The 1,4-naphthoquinone derivative Naphthazarin may trigger apoptosis and is thus considered for the treatment of malignancy. On the other hand, Naphthazarin decreases neurotoxicity. In analogy to apoptosis of nucleated cells, erythrocytes may enter eryptosis, the suicidal erythrocyte death characterized by cell shrinkage and by cell membrane scrambling with translocation of phosphatidylserine to the erythrocyte surface. Signalling leading to triggering of eryptosis include increase in cytosolic Ca(2+)-activity ([Ca(2+)]i), ceramide and oxidative stress. The present study explored whether Naphthazarin impacts on eryptosis and, if so, to unravel underlying mechanisms. To this end, erythrocyte volume was estimated from forward scatter, phosphatidylserine abundance at the erythrocyte surface from FITC-annexin-V-binding, [Ca(2+)]i from Fluo3 fluorescence, reactive oxidant species (ROS) from 2',7'-dichlorodihydrofluorescein diacetate (DCFDA) fluorescence and ceramide abundance at the erythrocyte surface from binding of fluorescent antibodies in flow cytometry. As a result, a 24-hr exposure of human erythrocytes to Naphthazarin (10 μM) significantly decreased erythrocyte forward scatter, significantly increased the percentage of annexin-V-binding cells, significantly increased ceramide abundance at the erythrocyte surface and significantly increased ROS. The effect of Naphthazarin on annexin-V-binding was not significantly blunted by removal of extracellular Ca(2+). In conclusion, Naphthazarin stimulates eryptosis, an effect at least in part due to oxidative stress and enhanced ceramide abundance at the erythrocyte surface.
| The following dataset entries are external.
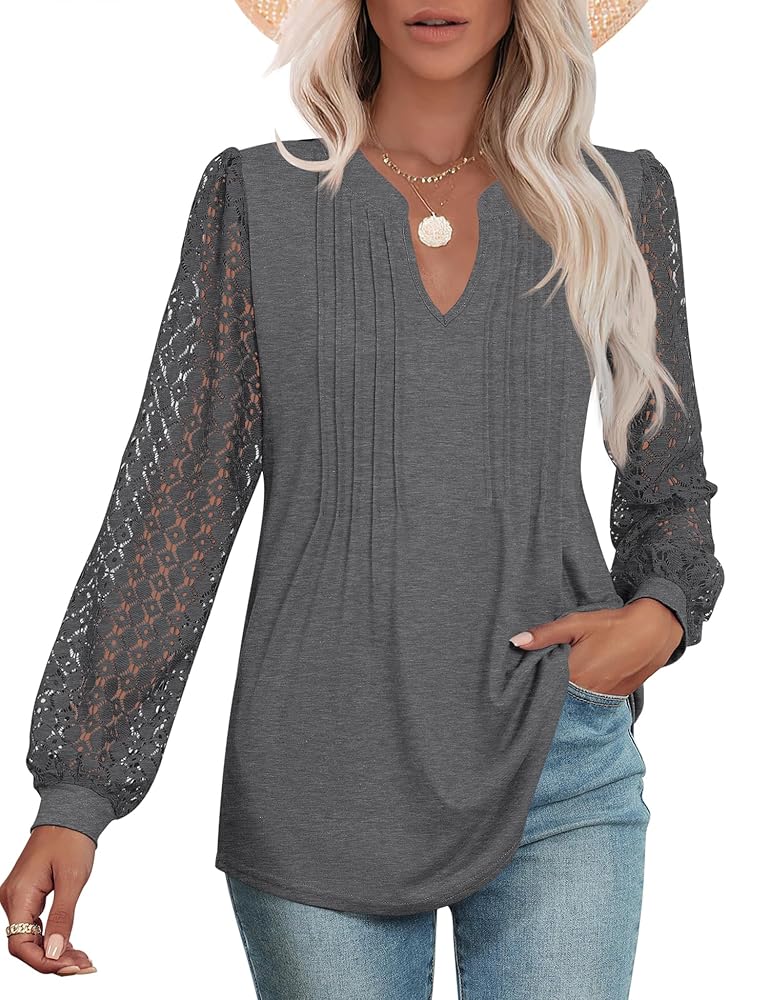 Micoson Womens Lace Long Sleeve Tops V Neck Pleated Blouses Dressy Casual Work Shirts
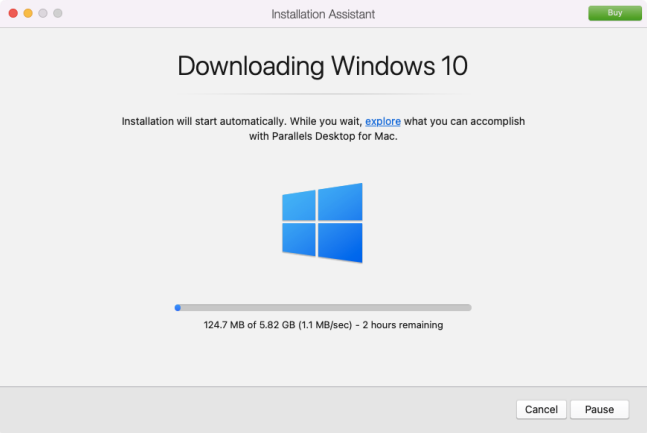 Installation Wizard downloading Windows 10 from Microsoft servers.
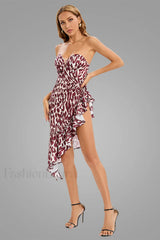 Asymmetrical Ruffle Stylish Satin Mini Dress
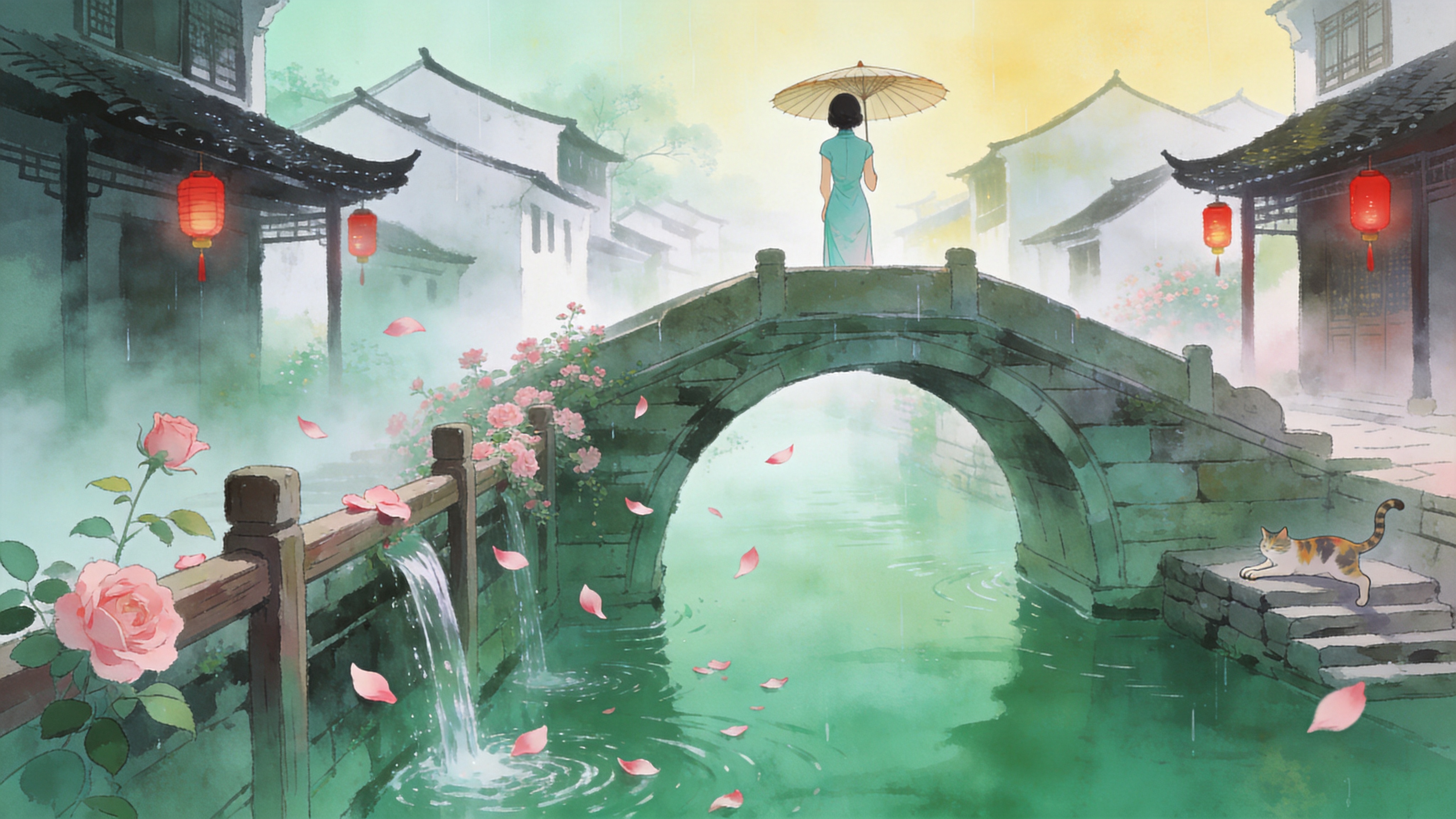 2026年暮春初夏的交替时节，江南水乡的清晨。画面主体是一座古老的石拱桥，桥上撑着一把油纸伞的少女背影，身着淡青色的新式旗袍。桥下流水潺潺，几片粉色的蔷薇花瓣正从桥头的围栏飘落，点缀在碧绿的水面上。远处是错落有致的白墙黛瓦民居，屋檐下挂着几盏未熄的红灯笼。空气中弥漫着湿润的水汽和花香，一只花猫正趴在河埠头的石阶上伸懒腰，整个画面充满了生机勃勃的春末夏初气息。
Naphthazarin protects against glutamate-induced neuronal death via activation of the Nrf2/ARE pathway
Biochem Biophys Res Commun 2013 Apr 19;433(4):602-6.PMID:23537652DOI:10.1016/j.bbrc.2013.03.041.
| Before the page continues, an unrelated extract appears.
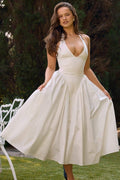 Wilma Effortless Halter Neck Midi Dress with Open Back Everyday Luxe Edit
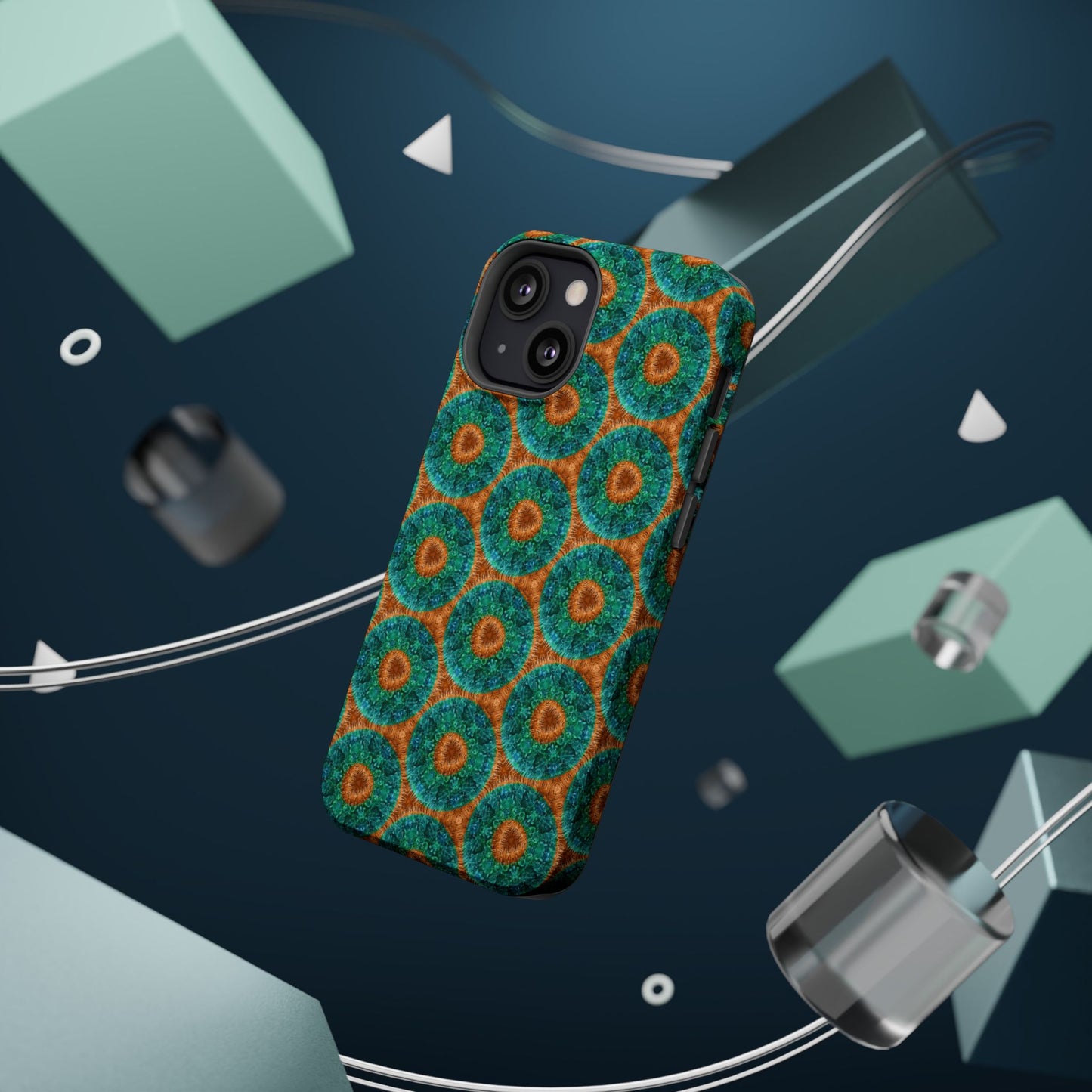 Magnetic iPhone Case - Blue Fuzzy Flower Donut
Nuclear factor E2-related factor 2 (Nrf2)/antioxidant response element (ARE) pathway is an important cellular stress response pathway involved in neuroprotection. We previously screened several natural phytochemicals and identified plumbagin as a novel activator of the Nrf2/ARE pathway that can protect neurons against ischemic injury. Here we extended our studies to natural and synthetic derivatives of plumbagin. We found that 5,8-dimethoxy-1,4-naphthoquinone (Naphthazarin) is a potent activator of the Nrf2/ARE pathway, up-regulates the expression of Nrf2-driven genes in primary neuronal and glial cultures, and protects neurons against glutamate-induced excitotoxicity.